Nonostante, in seguito alle reazioni della scuola, si siano susseguite smentite alternate a confuse prese di posizione della Giannini, sembra chiaro che il comune denominatore di tutti questi possibili interventi di pseudo riforma sia il risparmio della spesa. Aumentare l’orario di servizio dei docenti infatti significa evitare il ricorso alle supplenze che rappresentano un costo; accorciare di un anno il percorso di studi comporta ovviamente un taglio degli organici del personale. E tutto questo in nome di un risparmio che non vede la scuola e l’esercito degli insegnanti che ci lavorano con passione come una risorsa, ma come un semplice costo.

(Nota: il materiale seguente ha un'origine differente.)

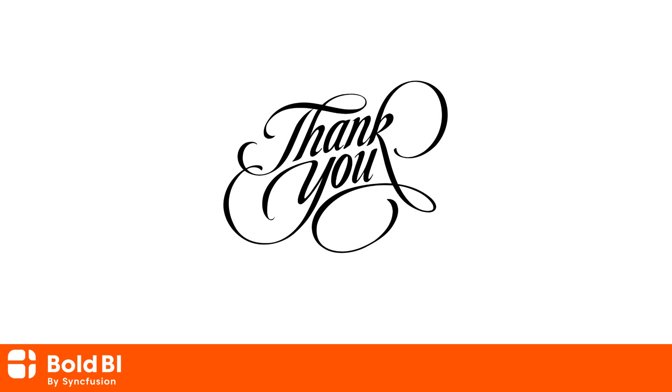Please leave a comment for any questions you may have or if there are any additional features you would like to see in Bold BI. Thanks for watching.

Insomma, se davvero tali provvedimenti dovessero essere confermati il prossimo 29 agosto, ci ritroveremmo dinanzi non ad una politica che “cambia verso”, ma ad una politica vecchia, anzi vecchissima, fatta ancora di tagli. Tagli ieri e tagli oggi.

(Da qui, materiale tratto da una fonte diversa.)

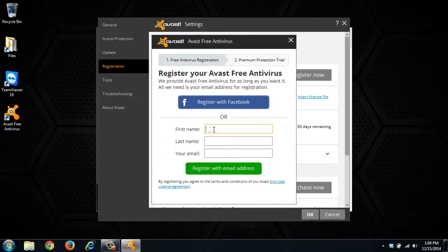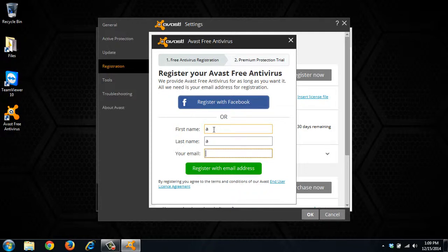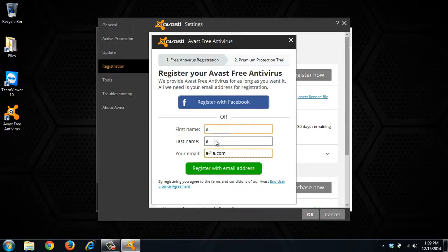And then it requires some information in order to register. This information doesn't need to be real, but it can be if you'd like it to. So enter your information, register with email address.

Dalla Gelmini in poi, insomma, una politica fatta di soli tagli, di riforme che non valorizzano il lavoro dei docenti, anzi lo sviliscono. Non qualificano l’offerta formativa, anzi la peggiorano. E a nulla vale la pretestuosa dichiarata esigenza di adeguare il nostro sistema scolastico a quello dei paesi europei, visto che dalle tabelle della Cisl emerge che, non solo gli insegnanti italiani sono i peggio pagati d’Europa, ma che lavorano anche più di quelli europei: 22 ore settimanali nella primaria corrispondono a una media Ue di 19. Anche nella secondaria di secondo grado si hanno 18 ore italiane contro 16 nella Ue. E non solo. Perché non si può sottovalutare che i docenti italiani già oggi effettuano un orario che supera di gran lunga le 36 ore, perché oltre alle ore frontali di lezione svolgono una serie di attività aggiuntive che vanno dalla preparazione delle lezioni, alla correzione dei compiti, alla partecipazione agli organi collegiali e ai colloqui con le famiglie che li vedono impegnati, nelle ore pomeridiane, senza alcun riconoscimento economico aggiuntivo.

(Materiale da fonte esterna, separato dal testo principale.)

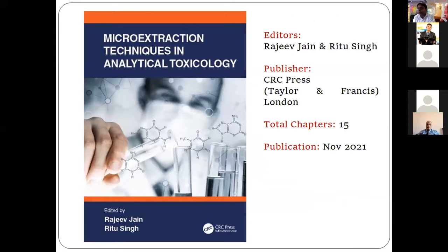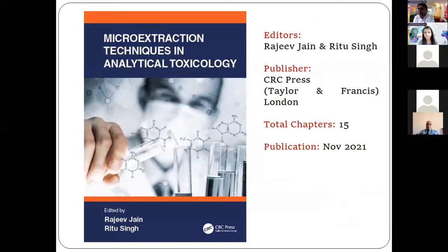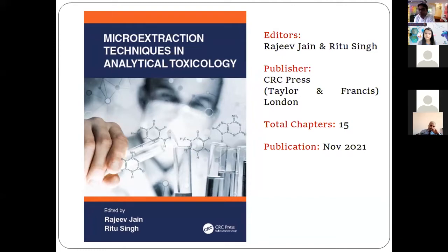I would like to inform you that one book edited by me — 'Microextraction Techniques in Analytical Toxicology' — is just coming. It is in press with CRC Press, and it has 15 chapters in total, contributed by various experts of microextraction techniques throughout the globe. It will probably be releasing in the month of November by CRC Press.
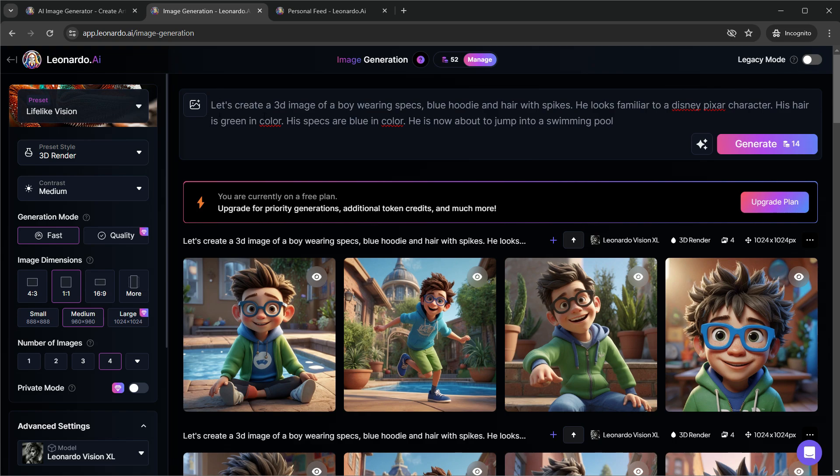If you're excited to try this out, click the link in the description to join Leonardo. And if you like this video, hit the like button and subscribe for more tutorials. Thanks for watching and see you in the next video.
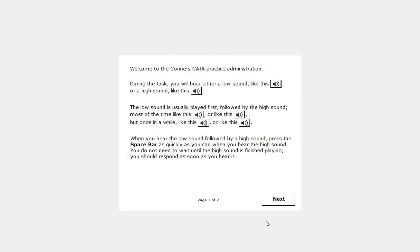Just like the Connors CPT-3, observe the respondent carefully since the administrator is responsible for deciding whether the respondent is ready for the actual administration. Now, let's begin the practice test, which runs for approximately one minute, beginning with the practice administration instructions.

E’ chiaro come, per la complessità della questione, un cambiamento serio per la nostra scuola non può essere affidato a frettolosi provvedimenti calati dall’alto che non prevedano un processo di partecipazione tale da coinvolgere anche esperti, dirigenti, insegnanti, genitori e studenti; le riforme strutturali non possono essere semplici strategie di marketing, confezionate in annunci offerti a pochi giorni dall’inizio dell’anno scolastico. Le riforme strutturali non si improvvisano, necessitano di tempo e di adeguate riflessioni. Intanto, il 29 agosto è vicino e, se queste sono le premesse, c’è poco da stare sereni.